The Free State is one of 13 states that still levy an inheritance tax in addition to the more common estate tax. But that may change.
Maryland's top three lawmakers now are saying that they'd like to cut or abolish the state's inheritance tax. The state can afford the move, they say, because of a booming budget surplus that is projected to easily top $600 million during this fiscal year.
So-called death taxes were established decades ago as a way to raise revenue and redistribute wealth. But they have long been a target of tax foes in Maryland and across the country. During the past two decades, 20 states have eliminated them, including Virginia.
"It's an unfair tax," said state Senate President Thomas V. Mike Miller Jr. (D-Prince George's). "While we have this surplus, it gives us an opportunity to right a wrong."
Miller said he is in favor of exempting spouses from inheritance taxes and will look at the costs before deciding whether it should be extended beyond that. House of Delegates Speaker Casper R. Taylor Jr. (D-Allegany) said he supports abolishing the tax, and a spokesman for Gov. Parris N. Glendening (D) said the governor is "very receptive" to either cutting or abolishing it.
The inheritance tax is separate from the estate tax, which is levied on heirs who must file a federal estate tax return. Although the federal estate tax is imposed only on estates valued at $650,000 or more, state inheritance taxes typically are imposed on smaller estates as well.
In Maryland, the only exception to the inheritance tax is a partial one for spouses, who do not pay it on real estate, jointly held property or the first $100,000 of other assets. The tax rate is 0.9 percent for spouses, children, parents and other lineal relatives. Siblings are taxed at 8 percent, though that rate is scheduled to decrease to 5 percent next year. All other heirs pay 10 percent.
"When you talk to people about these taxes, they cite the unfairness of a tax that's essentially a tax on after-tax assets," said James L. Martin, president of the 60 Plus Association, an Arlington-based lobbying group for seniors that is pushing for repeal of the federal estate tax as well as Maryland's inheritance tax. "They cite the unfairness of a tax that's imposed after you die."
Martin and other opponents of these taxes said they often fall heaviest on small businesses and farmers, or heirs who are "cash poor" despite their sizable inheritance.
They point to people such as Jeannine Mizell, of Montgomery County, who runs Mizell Lumber and Hardware in Kensington with her brother, Donald.

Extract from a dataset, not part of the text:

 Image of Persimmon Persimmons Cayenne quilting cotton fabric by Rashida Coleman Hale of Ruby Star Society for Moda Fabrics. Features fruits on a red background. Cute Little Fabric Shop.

The lumber company was founded by their grandfather in 1921 and then run by their father until his death in 1984. They inherited ownership from their parents when their mother died in 1990.
Jeannine Mizell said she was shocked when she learned upon her mother's death that they would have to pay more than $350,000 in federal estate taxes and more than $30,000 in Maryland inheritance tax. They were able to hold on to the business that had been in the family for seven decades because they were allowed to spread the federal payments out over 14 years. On top of that, they paid more than $40,000 in attorneys' fees.

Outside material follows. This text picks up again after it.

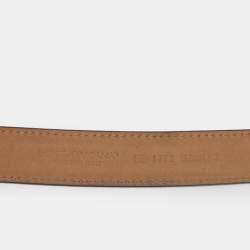 Pre Owned Dolce & Gabbana DG Crystal Logo 85 CM Buckle Belt Brow/Black Leopard Print Coated Canvas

"My father worked six days a week, 52 weeks a year for 37 years. He paid himself a modest salary, he invested in his business, he worked hard and he paid his taxes. He wanted to leave something for his children and his grandchildren," she said. "Yet if it wasn't for the fact that he was so careful about putting his money away, we wouldn't have had the cash to pay these taxes."
For most of the 60,000 or so Marylanders affected by the tax each year, the bite isn't that big. But it can be a pain anyway. "It's the estate taxes that take the big bite," said Darrel Drown, a Howard County financial planner. "But people complain about it. They're upset by the whole gamut."

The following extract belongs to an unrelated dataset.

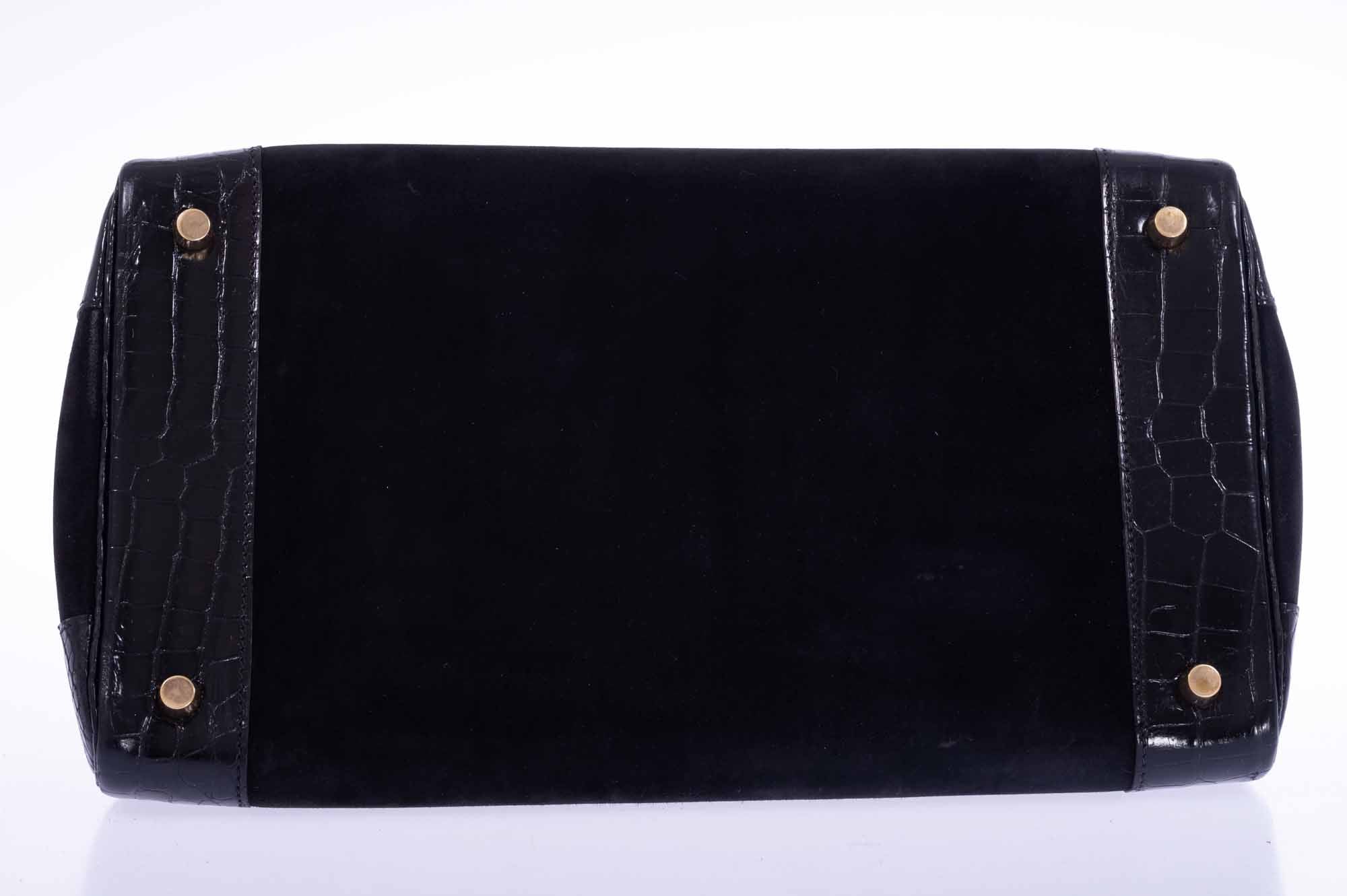 Hermès Birkin 35 Black Veau Doblis Suede & Black Porosus Crocodile Gold Hardware、mySite、garminoutage.com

Still, supporters of abolishing the inheritance tax note that the state's death taxes pinch the wealthy as well as those who are less well off. "There are a lot of people in my district who are impacted by this tax. I've looked at it and talked to people in my county, and it's something that people are concerned about," said Del. Obie Patterson (D-Prince George's).
But some note that there are other taxes lawmakers could look at cutting if their goal is to reduce the burden on most citizens. "There are a lot of other taxes that hit ordinary Marylanders a lot harder and a lot more frequently," said Robert McIntyre, director of the Washington-based Citizens for Tax Justice.
Patterson has resubmitted a bill to abolish the tax for the upcoming session, and state Sen. Thomas L. Bromwell (D-Baltimore County), the Finance Committee chairman, is sponsoring similar legislation in the Senate.
State legislative analysts projected that the net cost to the state would be about $52 million in lost revenue should a full repeal of the tax be approved, yet supporters said the actual cost will be lower because the state no longer will have to pay the administrative costs of collecting the tax.